Percentile

Sub Topics
Measures of position are used to locate the relative value of a data in the data set. The common measures of position which are often used in statistical study are Z- score, percentiles, deciles and Quartiles.

Out of the above mentioned measures of positions, Z score tells how many standard deviations a data value is away from the mean. The Z score will be positive if the data value is greater than the mean and negative if it is less than the mean. The z scores calculated are related to the percentiles representing the probability in z-score tables.
Percentiles, deciles and Quartiles divide the data distribution in equal proportions.

Percentile Definition

Percentiles divide a ranked or ordered data set into 100 equal groups.
The  kth percentile mark of a data set is a value such that k% of values fall at or below it, where k is a whole number between 1 and 99 and is called the percentile or percentile rank.

(100-k)% of data values fall above the kth percentile mark.

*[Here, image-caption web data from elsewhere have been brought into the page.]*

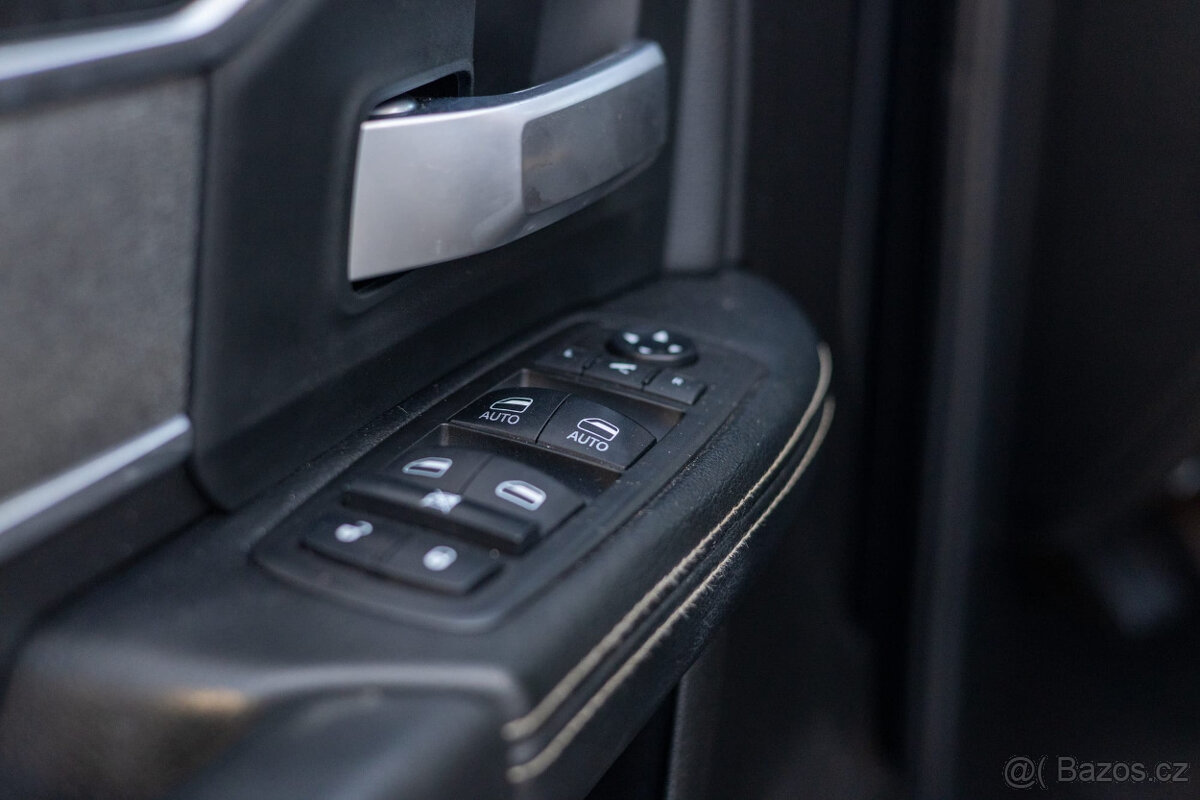 DODGE RAM 2500 Crew Cab 6.7 Cummins Diesel - 9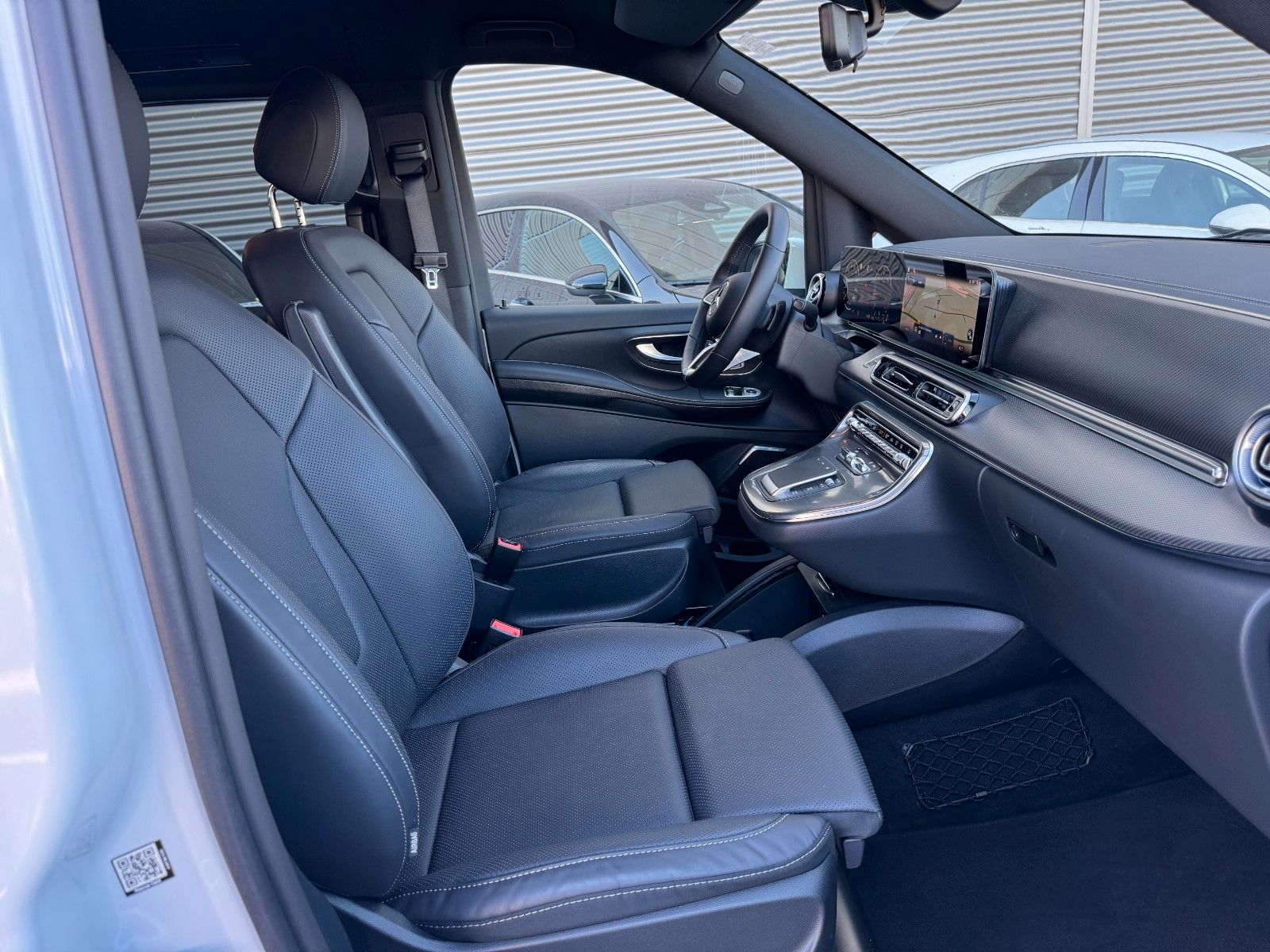 Fahrzeugabbildung Mercedes-Benz V 300 d 4MATIC EXCLUSIVE AMG Tische AHK2,5to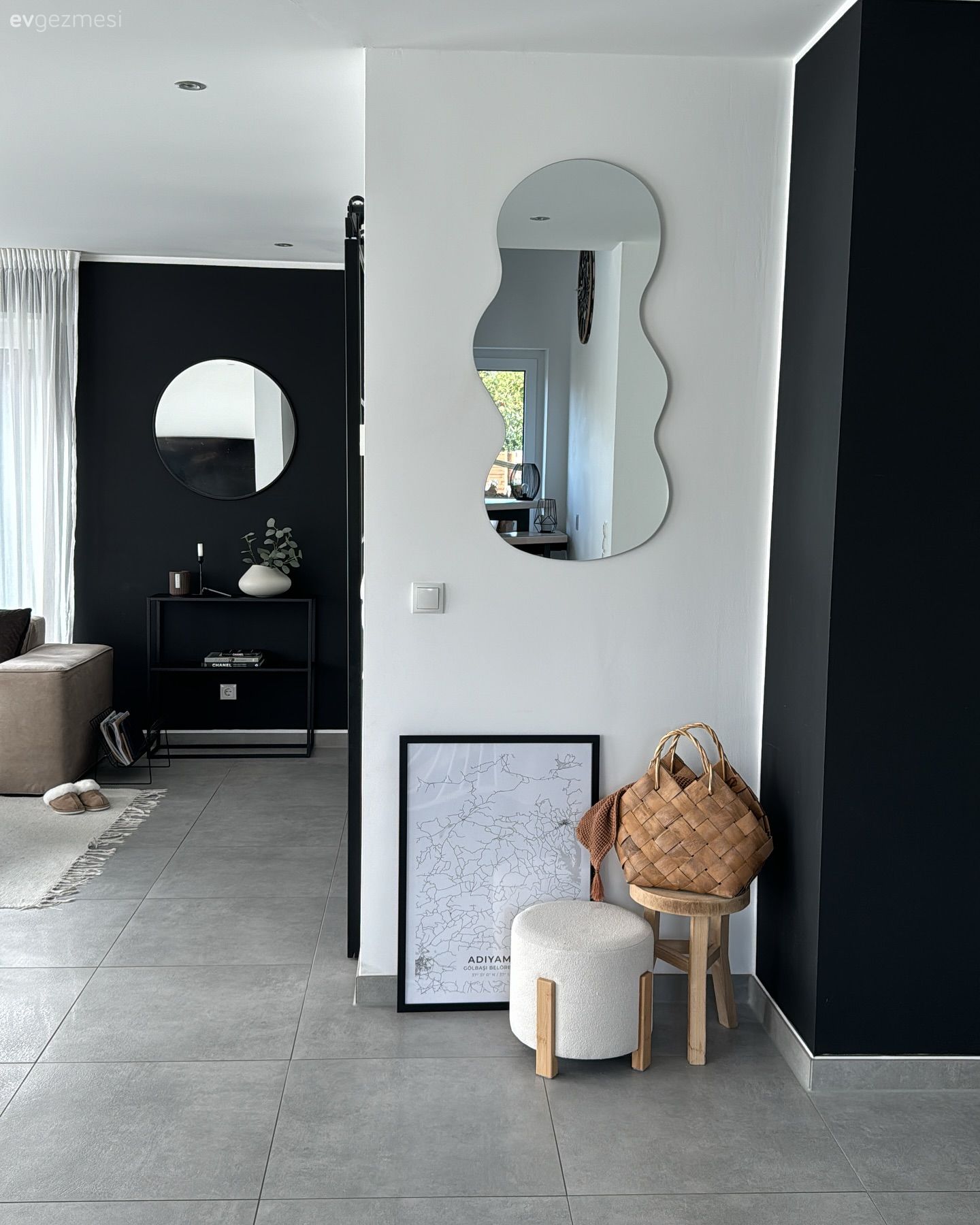 Ayna, Siyah duvar, Dekoratif Objeler, Dresuar, Zemin seramikleri, Gri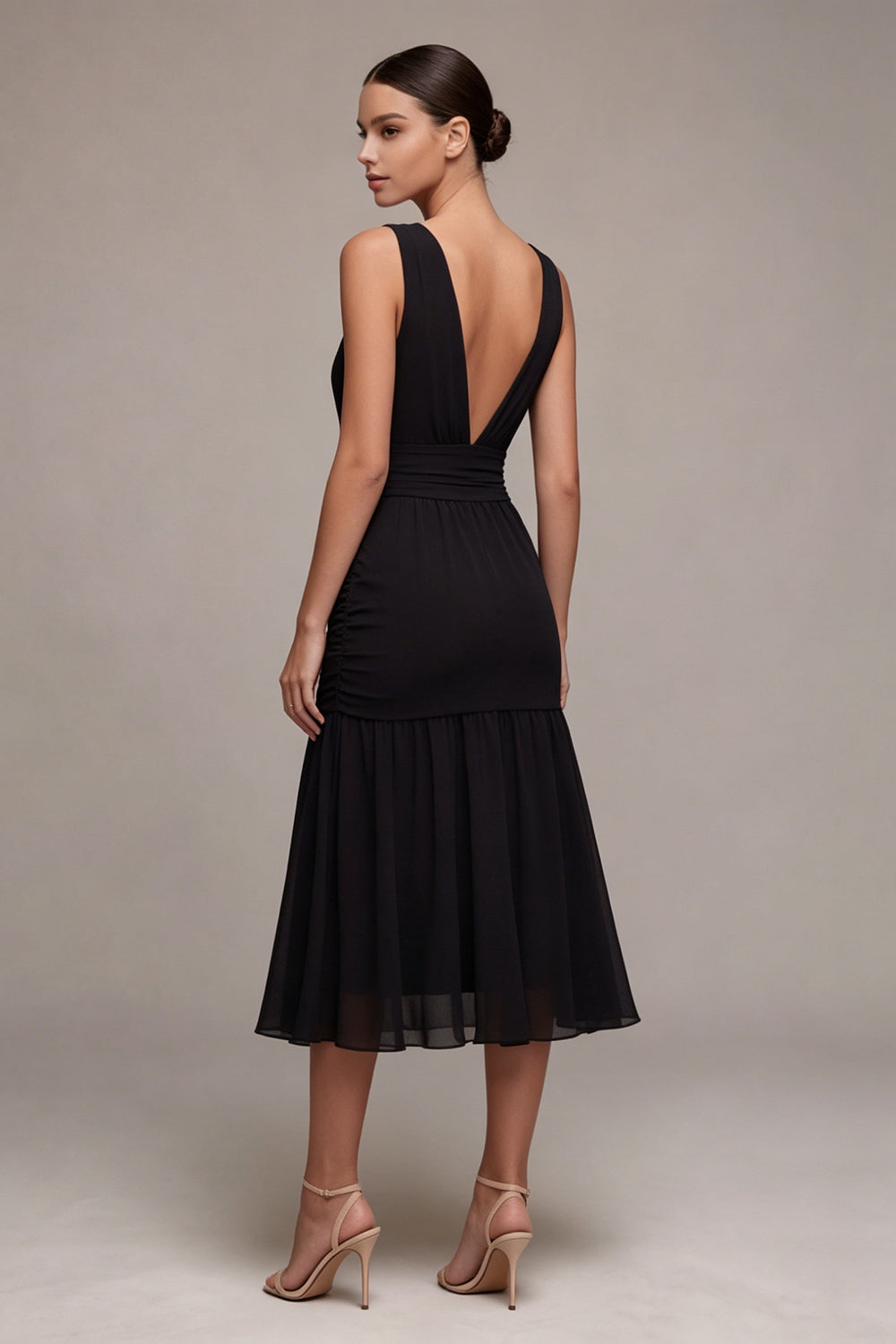 Robe de soirée midi noire sans dos, coupe trapèze froncée, décolleté en V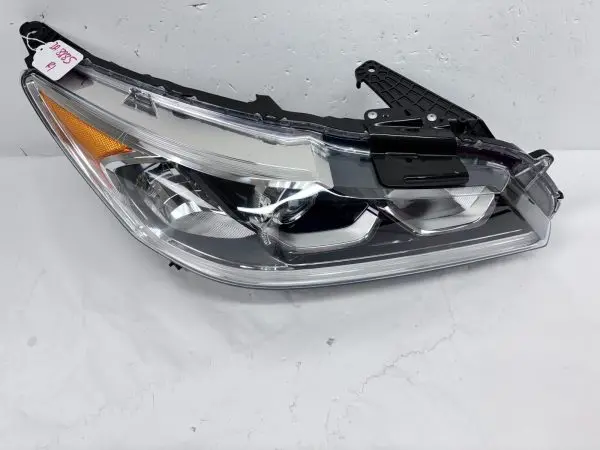 TESTED 2016 2017 HONDA ACCORD HALOGEN LED FRONT RIGHT OEM HEADLIGHT ALL TABS - Image 14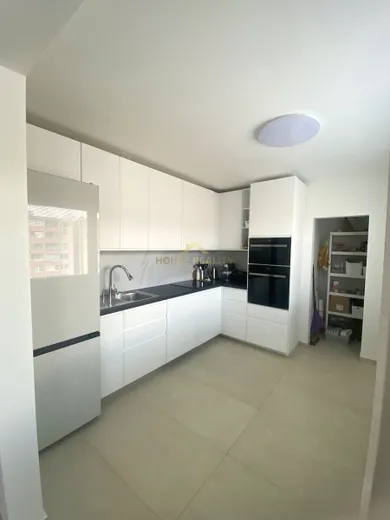Na prenájom 3-izbový byt, 82 m², Bratislava-Ružinov, Jégého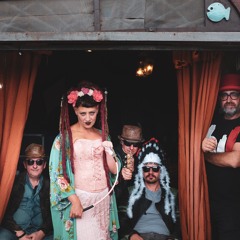 Lola & the Workaholics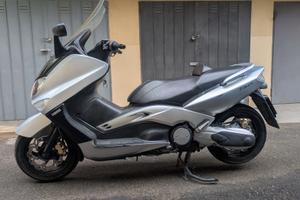 Yamaha TMax 500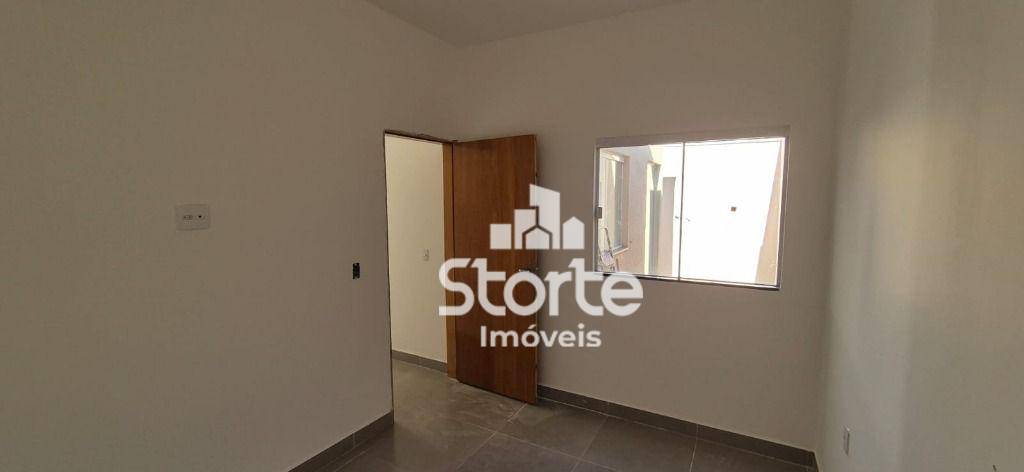 Casa à venda com 3 quartos, 72m² - Foto 6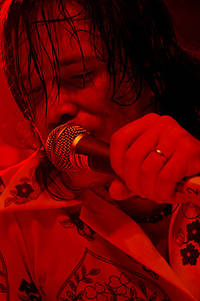2004-11-03 - The Flaming Sideburns från Mondo, Stockholm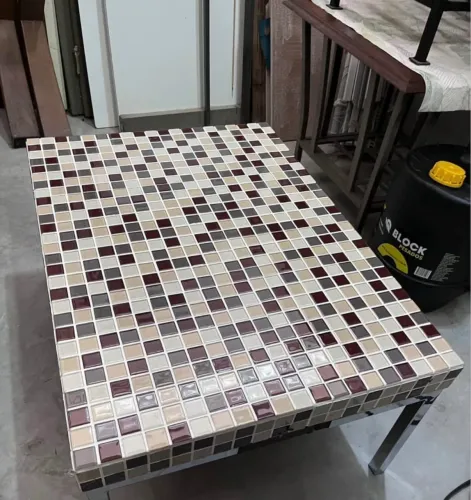 Mesa de centro com mosaico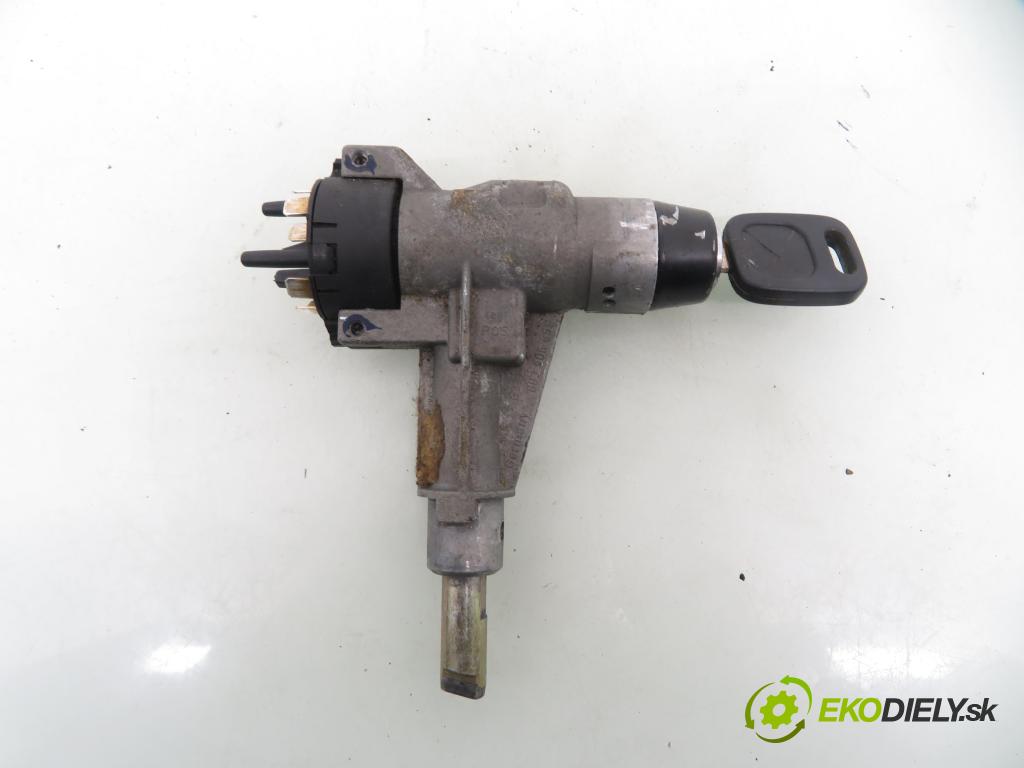 AUDI 80 (89, 89Q, 8A, B3) SEDAN 1990 80,00 2.0 - 3A 1984,00 spinačka 893905851 (Spínacia skrinka)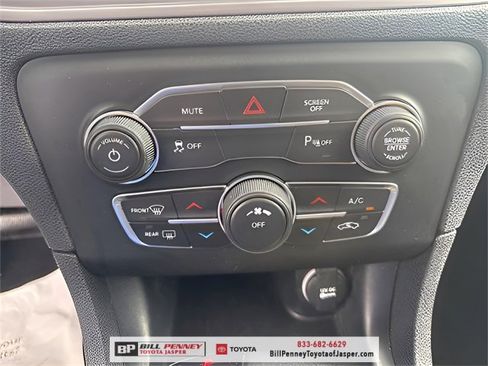Used 2023 Dodge Charger SXT image 15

A diagrammatic explanation of the position of the Kth percentile mark and the distribution of data around it is given below.

We generally come across two types of problems applying percentile.

Percentile Mark is given (The value in the ordered data set) - To find the percentile of the value.

The Percentile  is given - To find the value corresponding to the percentile.

Percentile Formula

The percentile corresponding to a given value ‘X’ in the data set is given by
Percentile = $\frac{Number of values of below X +0.5}{Number of values of data set}\times100$

Examples for Finding the Percentile

Example 1: 10 students took a 30 point test. The scores of the students are given below. Find the percentile rank of the score 20 in the data set.
12, 22, 18, 15, 20, 27, 21, 25, 16, 29.

Solution:
First the data set is to be ordered from the lowest to the highest as follows:
12, 15, 16, 18, 20, 21, 22, 25, 27, 29.
Number of values below the score 20 = 4  and the total number of scores in the data set = 10
Percentile rank for the score 20 = $\frac{Number of values of below 20+0.5}{Number of values of data set}\times100$

=$\frac{4+0.5}{10}$ x 100 %  = 0.45 x 100 % = 45th percentile

This means the student with a score of 20 did better in the test than 45% of the students.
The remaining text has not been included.